Exercise objective
When you transcribe the lines below, keep every word the same and leave the pictures behind.

Given data
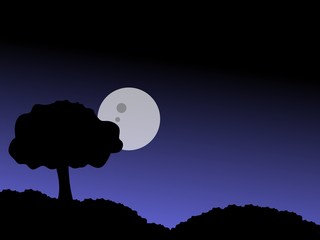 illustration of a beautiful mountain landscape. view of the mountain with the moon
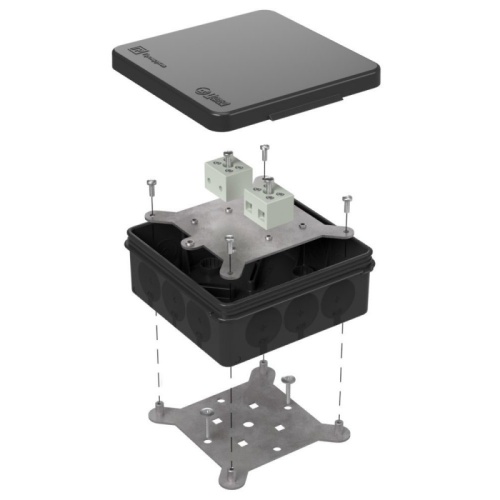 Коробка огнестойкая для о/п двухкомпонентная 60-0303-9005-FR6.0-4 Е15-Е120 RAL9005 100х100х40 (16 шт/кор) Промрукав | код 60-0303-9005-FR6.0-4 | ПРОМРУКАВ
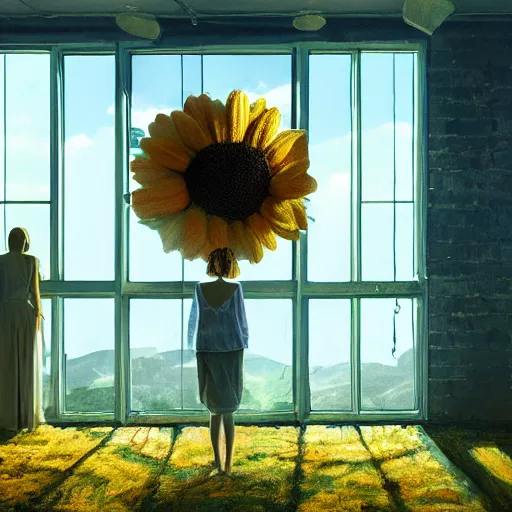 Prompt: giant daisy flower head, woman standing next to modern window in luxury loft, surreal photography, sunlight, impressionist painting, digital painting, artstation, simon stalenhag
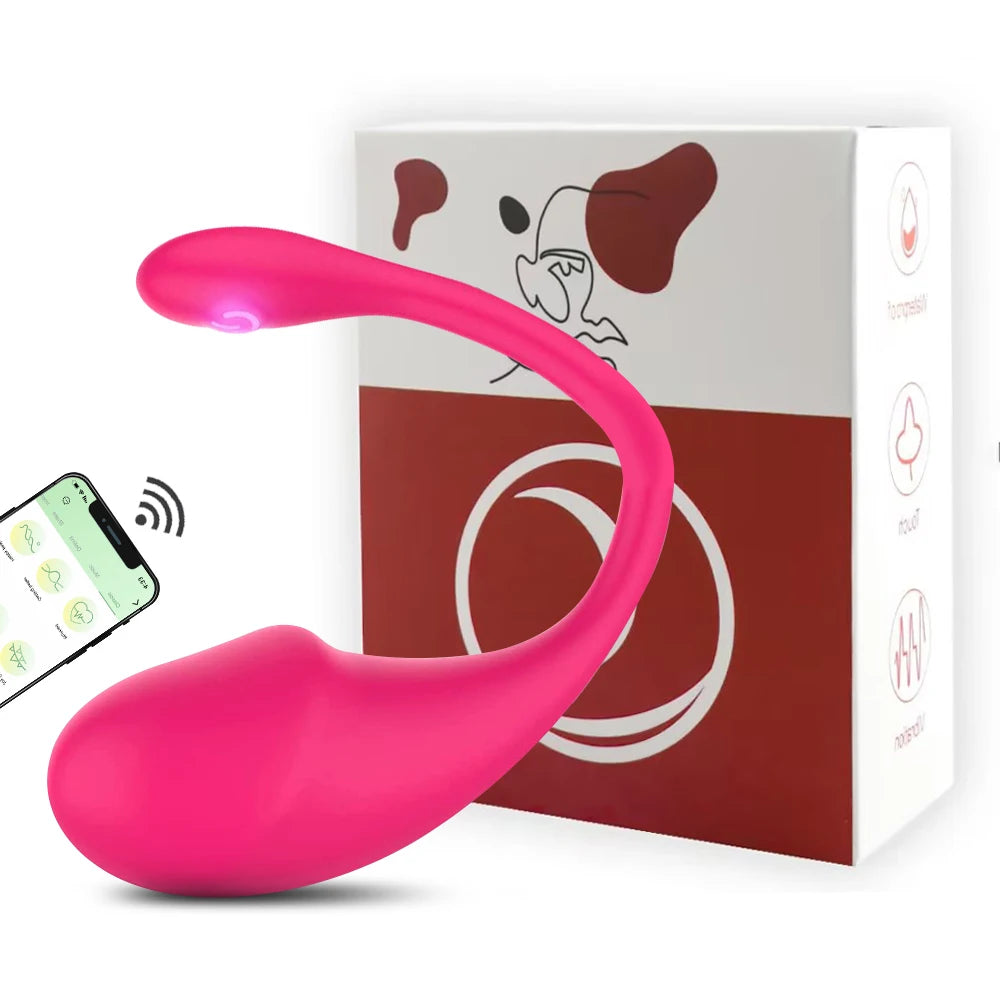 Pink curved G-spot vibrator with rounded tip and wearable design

Exercise solution
 illustration of a beautiful mountain landscape. view of the mountain with the moon
 Коробка огнестойкая для о/п двухкомпонентная 60-0303-9005-FR6.0-4 Е15-Е120 RAL9005 100х100х40 (16 шт/кор) Промрукав | код 60-0303-9005-FR6.0-4 | ПРОМРУКАВ
 Prompt: giant daisy flower head, woman standing next to modern window in luxury loft, surreal photography, sunlight, impressionist painting, digital painting, artstation, simon stalenhag
 Pink curved G-spot vibrator with rounded tip and wearable design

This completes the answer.